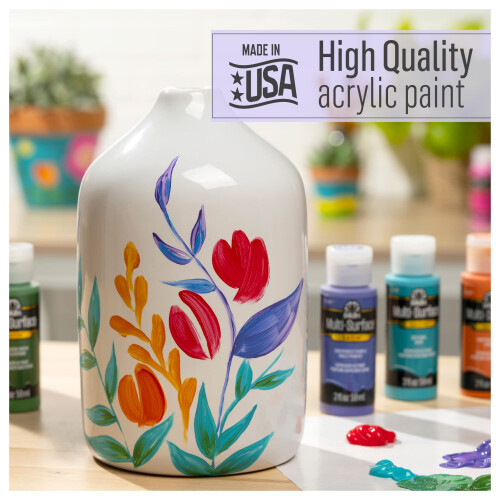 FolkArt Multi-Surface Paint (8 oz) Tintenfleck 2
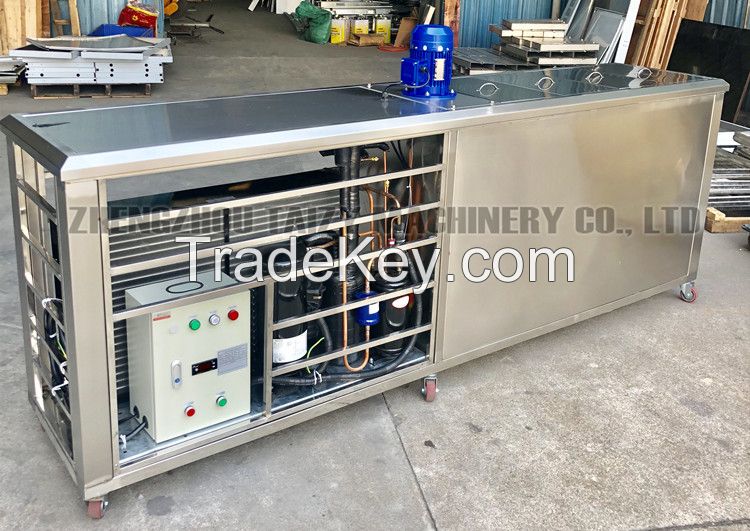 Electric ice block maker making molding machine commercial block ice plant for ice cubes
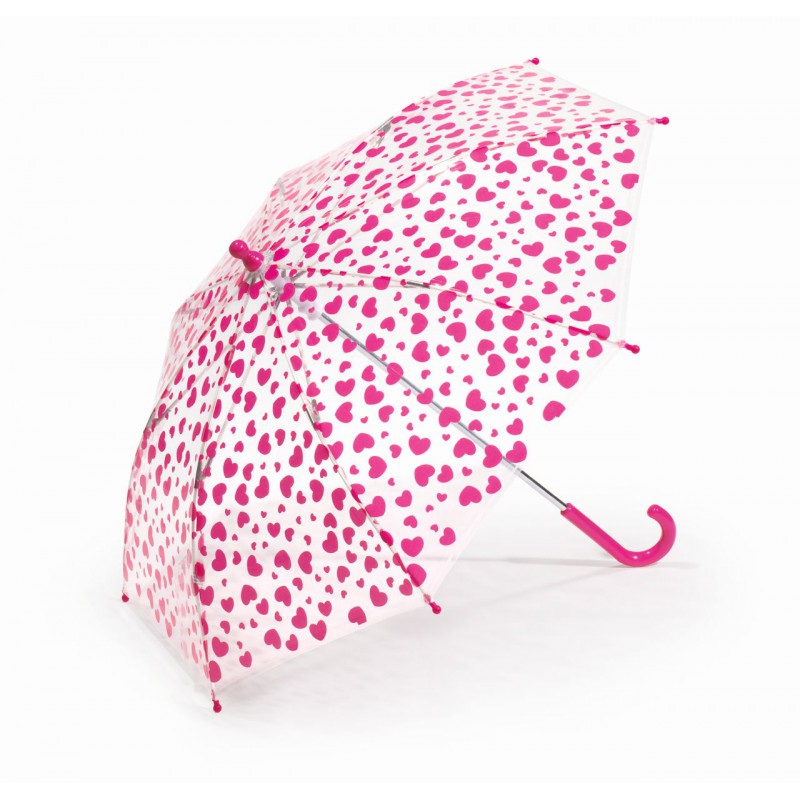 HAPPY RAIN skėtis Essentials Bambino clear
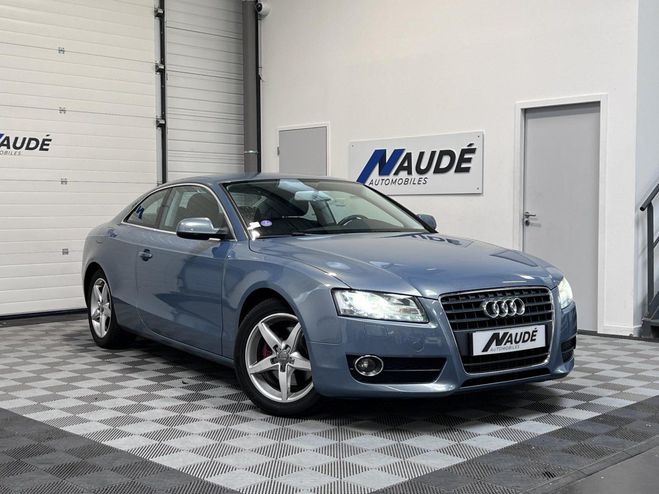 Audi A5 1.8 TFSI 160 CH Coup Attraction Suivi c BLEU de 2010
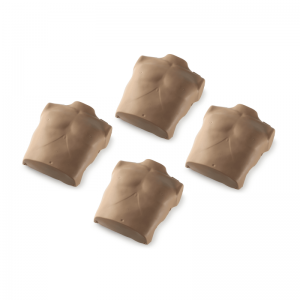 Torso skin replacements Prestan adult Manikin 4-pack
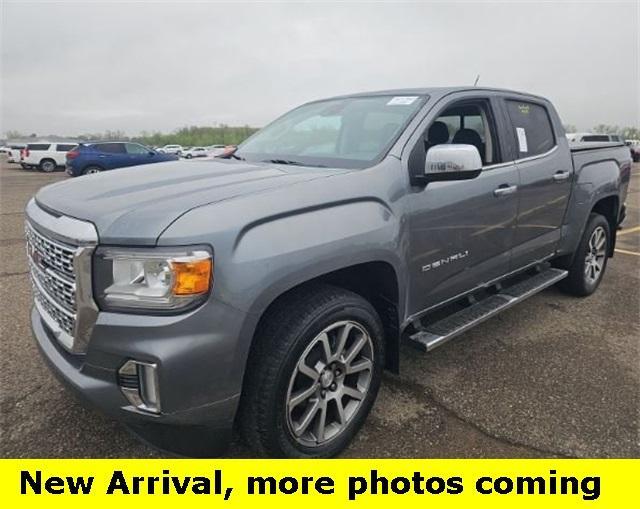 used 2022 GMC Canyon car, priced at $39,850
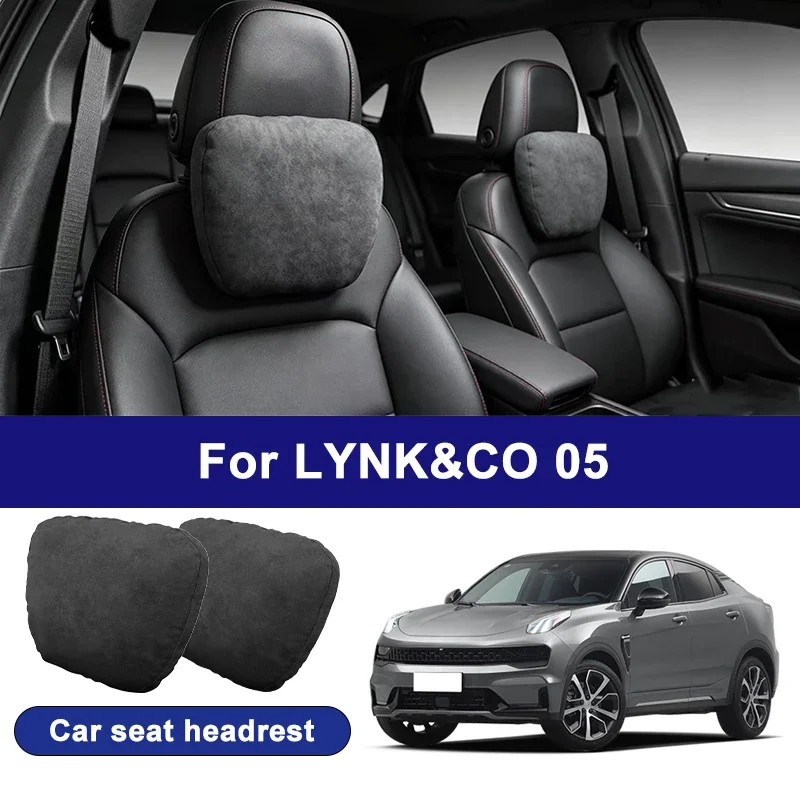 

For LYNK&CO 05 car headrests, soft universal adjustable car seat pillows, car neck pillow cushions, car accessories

------------------------------------------------

- [What is needed]: Nothing but the lines from the first line of the data above through the line holding "Torso skin replacements" may appear in the response, copied exactly and without pictures.

- [Answer area]:
 FolkArt Multi-Surface Paint (8 oz) Tintenfleck 2
 Electric ice block maker making molding machine commercial block ice plant for ice cubes
 HAPPY RAIN skėtis Essentials Bambino clear
 Audi A5 1.8 TFSI 160 CH Coup Attraction Suivi c BLEU de 2010
 Torso skin replacements Prestan adult Manikin 4-pack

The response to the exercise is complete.